Le cours de l'histoire va changer avec Champlain. Ce visionnaire rêve d'ajouter un grand territoire à la France et de l'enrichir par la traite des fourrures. Il rêve même d'y répandre la foi et de pénétrer les mystères de ce continent vaste et déconcertant. Il persuade le sieur de Monts de faire une croix sur ses aventures acadiennes et lui insuffle une nouvelle énergie pour une expédition à Québec. Il lui assure qu'il va lui-même s'établir sur le Saint-Laurent où les affaires et le commerce peuvent être beaucoup plus intéressants qu'en Acadie. De Monts obtient que son monopole de traite soit renouvelé, nomme Champlain gouverneur et demande aux charpentiers navals de Honfleur de modifier les navires pour le voyage au Canada.

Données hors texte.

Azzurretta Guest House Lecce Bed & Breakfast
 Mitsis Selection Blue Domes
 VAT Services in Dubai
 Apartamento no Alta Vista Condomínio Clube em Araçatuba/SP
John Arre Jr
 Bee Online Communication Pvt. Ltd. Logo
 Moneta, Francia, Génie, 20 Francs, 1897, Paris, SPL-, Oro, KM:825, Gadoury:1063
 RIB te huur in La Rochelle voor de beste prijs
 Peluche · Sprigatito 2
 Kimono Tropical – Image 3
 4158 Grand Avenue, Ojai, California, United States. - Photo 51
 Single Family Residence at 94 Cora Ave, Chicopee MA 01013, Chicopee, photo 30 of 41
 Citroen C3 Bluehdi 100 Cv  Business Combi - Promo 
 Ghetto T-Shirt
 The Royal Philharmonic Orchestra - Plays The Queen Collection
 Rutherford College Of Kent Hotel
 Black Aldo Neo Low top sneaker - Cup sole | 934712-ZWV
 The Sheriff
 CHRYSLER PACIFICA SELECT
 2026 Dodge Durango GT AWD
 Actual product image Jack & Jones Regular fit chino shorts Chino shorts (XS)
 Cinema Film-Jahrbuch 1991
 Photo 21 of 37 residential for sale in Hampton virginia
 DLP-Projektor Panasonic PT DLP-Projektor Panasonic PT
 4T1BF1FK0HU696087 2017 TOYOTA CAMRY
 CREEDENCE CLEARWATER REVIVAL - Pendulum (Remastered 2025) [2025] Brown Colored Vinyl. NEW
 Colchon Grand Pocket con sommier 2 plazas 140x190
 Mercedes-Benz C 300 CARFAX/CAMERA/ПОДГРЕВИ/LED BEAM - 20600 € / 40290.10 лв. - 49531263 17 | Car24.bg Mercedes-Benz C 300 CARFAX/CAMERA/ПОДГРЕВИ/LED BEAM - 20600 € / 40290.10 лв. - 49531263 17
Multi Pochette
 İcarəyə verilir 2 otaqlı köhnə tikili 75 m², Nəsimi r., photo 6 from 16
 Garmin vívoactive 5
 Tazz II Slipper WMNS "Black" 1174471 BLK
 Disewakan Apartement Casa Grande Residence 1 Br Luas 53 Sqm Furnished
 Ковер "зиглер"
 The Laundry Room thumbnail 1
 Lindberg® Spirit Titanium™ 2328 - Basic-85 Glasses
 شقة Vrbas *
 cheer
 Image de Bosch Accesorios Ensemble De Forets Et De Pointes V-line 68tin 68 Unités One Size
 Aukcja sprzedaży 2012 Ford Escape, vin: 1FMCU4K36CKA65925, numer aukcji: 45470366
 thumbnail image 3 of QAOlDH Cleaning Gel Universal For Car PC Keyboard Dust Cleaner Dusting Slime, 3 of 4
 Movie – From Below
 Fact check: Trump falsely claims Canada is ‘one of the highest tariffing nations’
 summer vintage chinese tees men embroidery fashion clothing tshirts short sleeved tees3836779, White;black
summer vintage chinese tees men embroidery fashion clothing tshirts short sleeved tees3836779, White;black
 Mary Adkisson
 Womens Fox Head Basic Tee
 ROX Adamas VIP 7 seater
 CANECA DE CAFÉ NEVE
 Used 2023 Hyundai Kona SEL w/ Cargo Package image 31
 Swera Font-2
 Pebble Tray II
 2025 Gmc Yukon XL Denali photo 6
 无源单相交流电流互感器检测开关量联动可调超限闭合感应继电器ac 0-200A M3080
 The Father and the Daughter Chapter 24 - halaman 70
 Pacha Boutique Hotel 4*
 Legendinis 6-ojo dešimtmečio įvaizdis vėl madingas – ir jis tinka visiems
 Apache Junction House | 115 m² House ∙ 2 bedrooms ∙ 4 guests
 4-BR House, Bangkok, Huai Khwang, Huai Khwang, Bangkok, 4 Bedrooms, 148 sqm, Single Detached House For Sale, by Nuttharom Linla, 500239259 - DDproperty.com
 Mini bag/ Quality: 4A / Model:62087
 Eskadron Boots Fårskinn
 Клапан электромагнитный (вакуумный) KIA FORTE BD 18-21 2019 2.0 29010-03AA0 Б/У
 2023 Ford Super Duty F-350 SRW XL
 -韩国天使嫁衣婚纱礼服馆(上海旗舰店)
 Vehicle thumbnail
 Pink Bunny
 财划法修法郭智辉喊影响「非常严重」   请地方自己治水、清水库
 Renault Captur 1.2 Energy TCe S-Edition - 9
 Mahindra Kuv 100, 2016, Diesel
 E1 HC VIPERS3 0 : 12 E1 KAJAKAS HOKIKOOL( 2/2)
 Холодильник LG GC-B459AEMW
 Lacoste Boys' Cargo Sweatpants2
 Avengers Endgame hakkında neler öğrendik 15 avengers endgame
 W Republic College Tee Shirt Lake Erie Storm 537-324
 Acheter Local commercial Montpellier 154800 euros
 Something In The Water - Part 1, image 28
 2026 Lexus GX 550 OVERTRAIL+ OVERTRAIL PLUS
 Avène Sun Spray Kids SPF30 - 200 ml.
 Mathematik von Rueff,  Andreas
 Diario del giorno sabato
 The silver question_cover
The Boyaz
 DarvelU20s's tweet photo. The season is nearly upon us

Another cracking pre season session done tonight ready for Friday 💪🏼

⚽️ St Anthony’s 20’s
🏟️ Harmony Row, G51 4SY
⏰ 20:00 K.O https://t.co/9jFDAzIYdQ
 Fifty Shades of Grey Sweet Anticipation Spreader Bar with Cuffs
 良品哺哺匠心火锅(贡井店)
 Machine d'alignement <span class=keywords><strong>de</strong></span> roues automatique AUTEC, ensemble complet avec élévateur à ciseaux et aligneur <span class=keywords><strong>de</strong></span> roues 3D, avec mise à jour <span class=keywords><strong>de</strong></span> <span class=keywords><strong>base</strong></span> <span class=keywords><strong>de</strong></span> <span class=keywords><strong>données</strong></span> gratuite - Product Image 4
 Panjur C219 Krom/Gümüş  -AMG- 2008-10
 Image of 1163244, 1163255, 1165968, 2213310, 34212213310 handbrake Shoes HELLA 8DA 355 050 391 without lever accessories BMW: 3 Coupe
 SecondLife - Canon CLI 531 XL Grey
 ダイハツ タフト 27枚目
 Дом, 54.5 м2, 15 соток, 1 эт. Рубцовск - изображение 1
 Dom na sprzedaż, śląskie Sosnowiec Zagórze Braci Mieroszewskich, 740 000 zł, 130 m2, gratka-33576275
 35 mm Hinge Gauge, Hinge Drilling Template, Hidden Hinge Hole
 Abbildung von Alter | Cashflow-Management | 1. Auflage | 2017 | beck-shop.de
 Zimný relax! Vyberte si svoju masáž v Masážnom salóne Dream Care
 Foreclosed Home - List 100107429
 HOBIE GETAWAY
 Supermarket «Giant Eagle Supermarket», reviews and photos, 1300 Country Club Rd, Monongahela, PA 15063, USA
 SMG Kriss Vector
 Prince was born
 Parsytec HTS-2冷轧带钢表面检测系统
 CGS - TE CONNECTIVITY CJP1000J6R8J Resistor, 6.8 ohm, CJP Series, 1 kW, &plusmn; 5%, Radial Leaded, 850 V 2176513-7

Sur les ordres de de Monts, le Lévrier, commandé par Gravé du Pont, part faire du commerce à Tadoussac. Le Don de Dieu, commandé par Champlain, ira établir un poste à Québec. Le Lévrier quitte Honfleur le 13 avril 1608, atteint Cape St. Mary's (T.-N.) le 26 mai et Tadoussac le 3 juin. Là, Gravé du Pont manque d'être fait prisonnier par les Basques, des gens durs qui tournent en dérision sa demande de monopole commercial. Fin diplomate, Champlain, l'ayant rejoint, fait la paix avec les Basques, continue à remonter le Saint-Laurent et accoste au cap Diamant le 3 juillet.

Ses hommes abattent des noyers, creusent des fosses de sciage et transforment les billes en madriers. Leur « habitation », une ambitieuse structure à trois niveaux, ressemble à une Bastille en miniature. Une galerie extérieure la ceinture. Le bâtiment est orné d'un colombier que seuls les nobles sont autorisés à avoir en France. La structure est protégée par un fossé enjambé par un pont-levis qui mène à l'entrée principale. La plupart des matériaux sont façonnés sur place, mais les élégantes fenêtres vitrées proviennent de France.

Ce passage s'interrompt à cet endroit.